Supplied entries section start

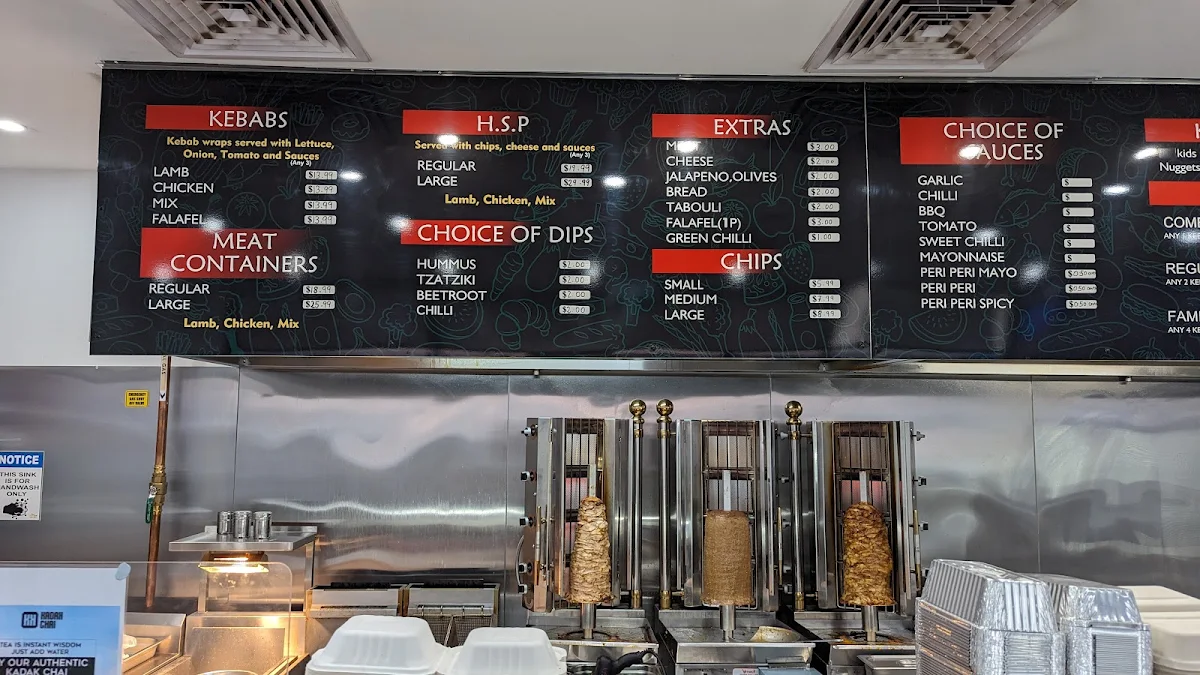 Menu, Kebab Club Tarneit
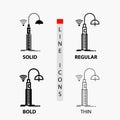 lights, street, wifi, smart, technology Icon in Thin, Regular, Bold Line and Glyph Style. Vector illustration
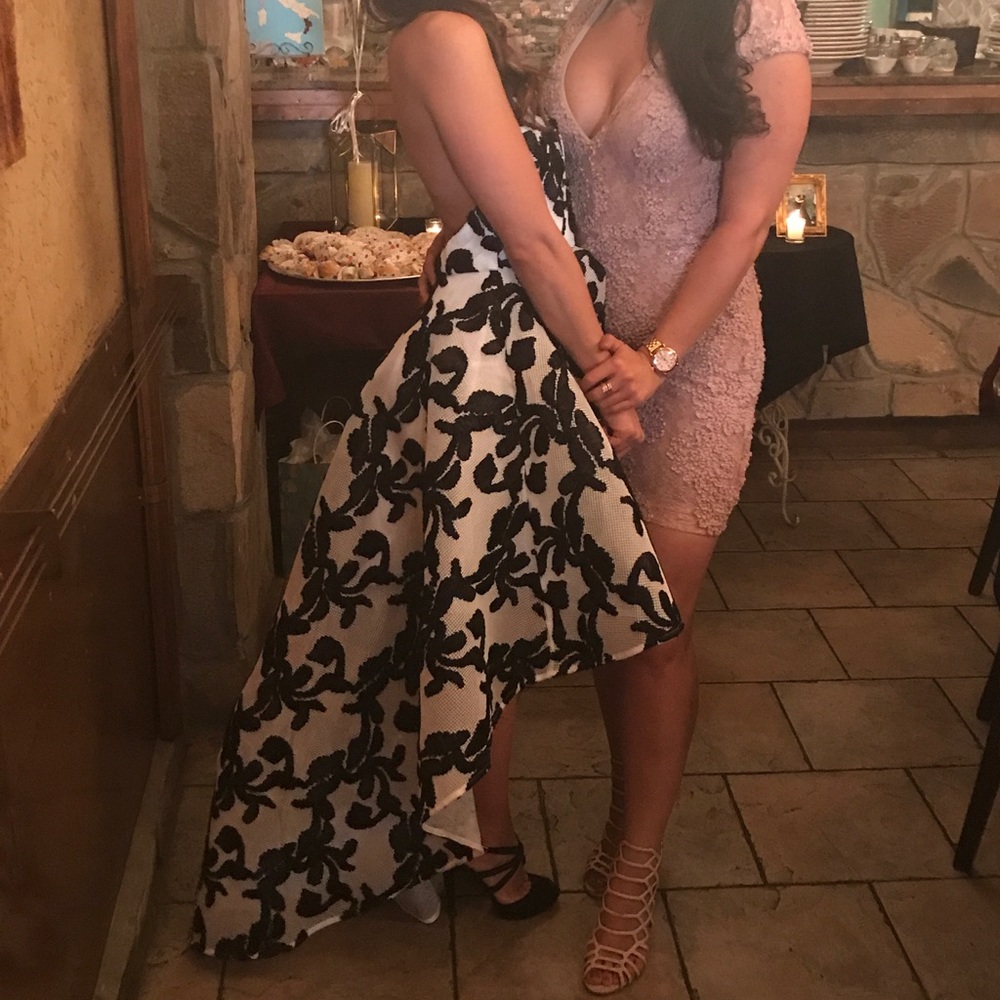 Black and white hi-low cascading dress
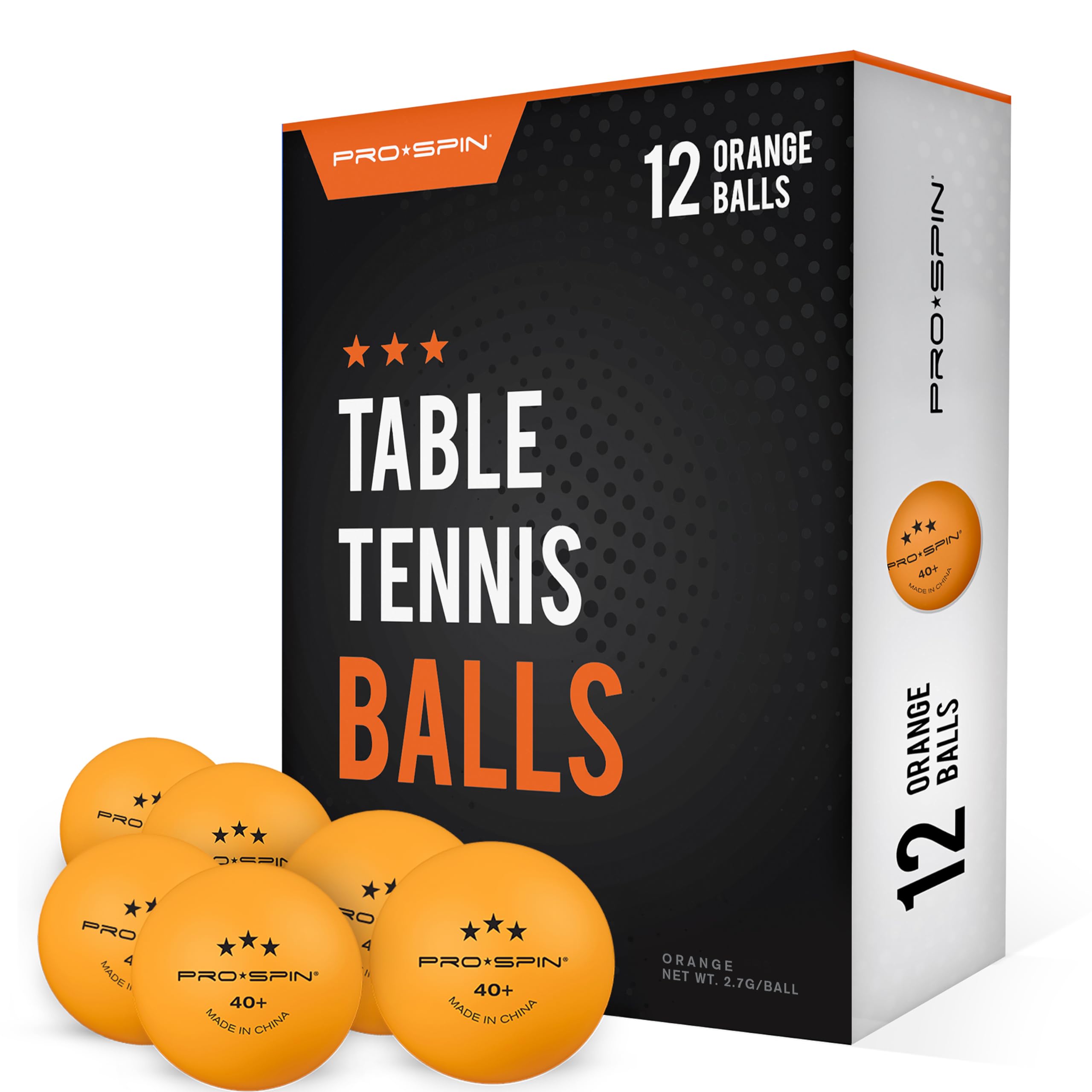 PRO SPIN 3-Star Premium Orange Table Tennis Balls - High-Performance 40+ ABS Professional Ping Pong Balls for Indoor & Outdoor Play | Durable, Tournament Approved | Perfect for Practice, Training & Competitive Matches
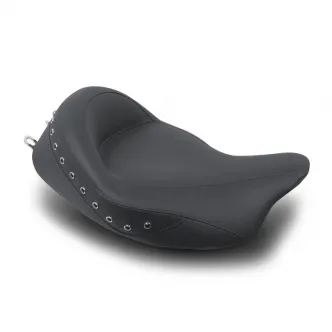 Mustang Seat Super Wide Vinyl Solo Special Black Studded 17 Inch Front Width in Black For 2008-2023 FLHT/FLHR/FLTR/FLHX Models (76069)
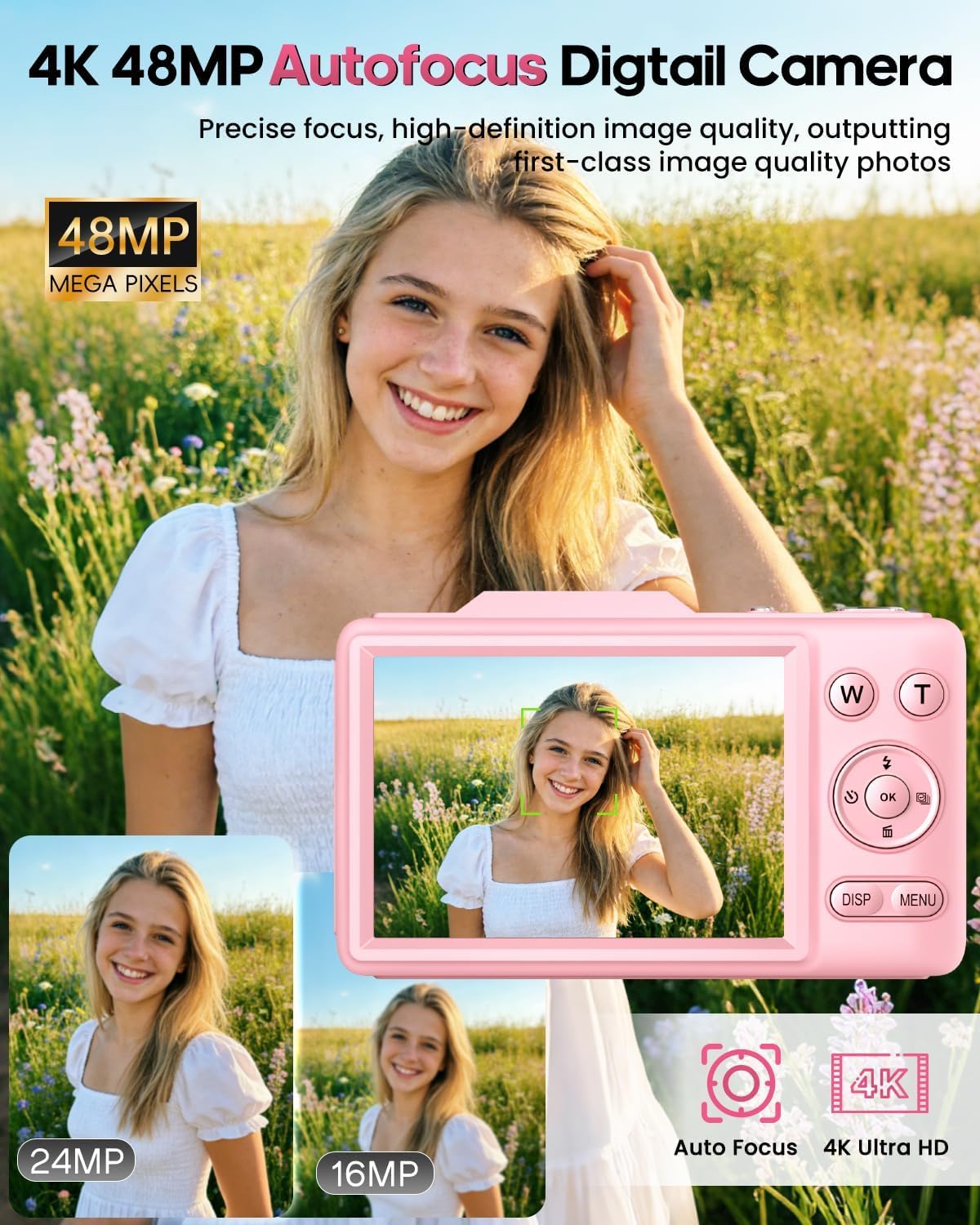 Cámara digital 4K para niños, cámara de vlogging de enfoque automático de 48 MP con tarjeta de 32 GB, zoom de 16X, antivibración, cámara compacta de apuntar y disparar para adolescentes principiantes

Supplied entries section end

Work request: Above are the records; repeat their lines from the first through the line containing "Black and white hi-low cascading dress", and leave out each picture.

Answer section:
 Menu, Kebab Club Tarneit
 lights, street, wifi, smart, technology Icon in Thin, Regular, Bold Line and Glyph Style. Vector illustration
 Black and white hi-low cascading dress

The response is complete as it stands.